Remix.run Logo
tcfhgj 6 hours ago

So riiR is now riiZ? ;)

nine_k 5 hours ago | parent [-]

"Rewrite it away from C (or C++)". Whether you choose Rust, Zig, Ada, D, Nim, even Pascal, it's likely going to become more secure. It will be supported on fewer platforms though, but still should run fine under Linux, macOS, Windows, *BSD, on x64, Arm64, and likely RISC-V, too.

maleldil 4 hours ago | parent [-]

Zig isn't memory safe, though. It's safer than C or C++, but not much.

ashikns 3 hours ago | parent | next [-]

This is what I have struggled to understand about Zig. It seems pretty much like C in a mental model aspect - you are responsible for everything. It's slightly better than C, but C already runs on everything on the planet and can be made secure even if painfully so. So what niche is Zig aiming to fill?

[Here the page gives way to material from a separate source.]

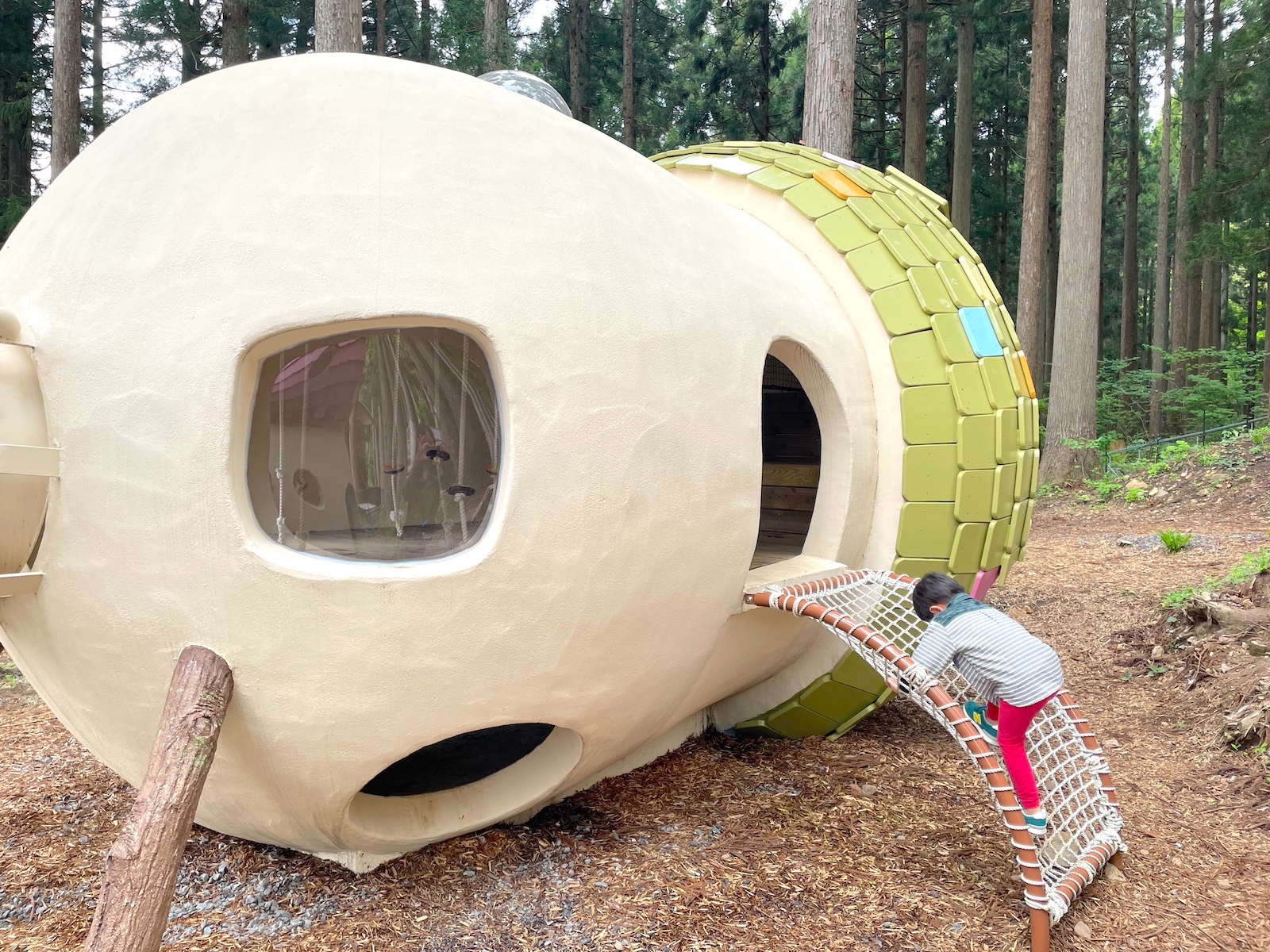 きのこ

throwawaymaths 3 hours ago | parent | next [-]

no, null pointers are enforced safe at the type level in zig, as are array bounds, this eliminates huge classes of errors, so you are not "responsible for everything". unlike c, you often (unless highly tuned performance is needed) do not have to resort to opaque void pointers, and the compiler gives you typesafety on that, another major footgun in c.

also operators and integer types are unambiguous, and there is no UB in safe compilation modes.

It's arguably much better than C, not "slightly better than C"

uecker 18 minutes ago | parent | next [-]

If you write a modern style of C, you can have bounds checked code and do not need to use void pointers. I usually find that people overestimate the advantages of newer languages compared to using C by comparing to old and badly written C.

an hour ago | parent | prev [-]
[deleted]
barddoo 3 hours ago | parent | prev [-]

Zig detects memory leaks pretty well when you build it using -Doptimize=Debug.

throwawaymaths 3 hours ago | parent | prev [-]

checked array bounds is memory safety.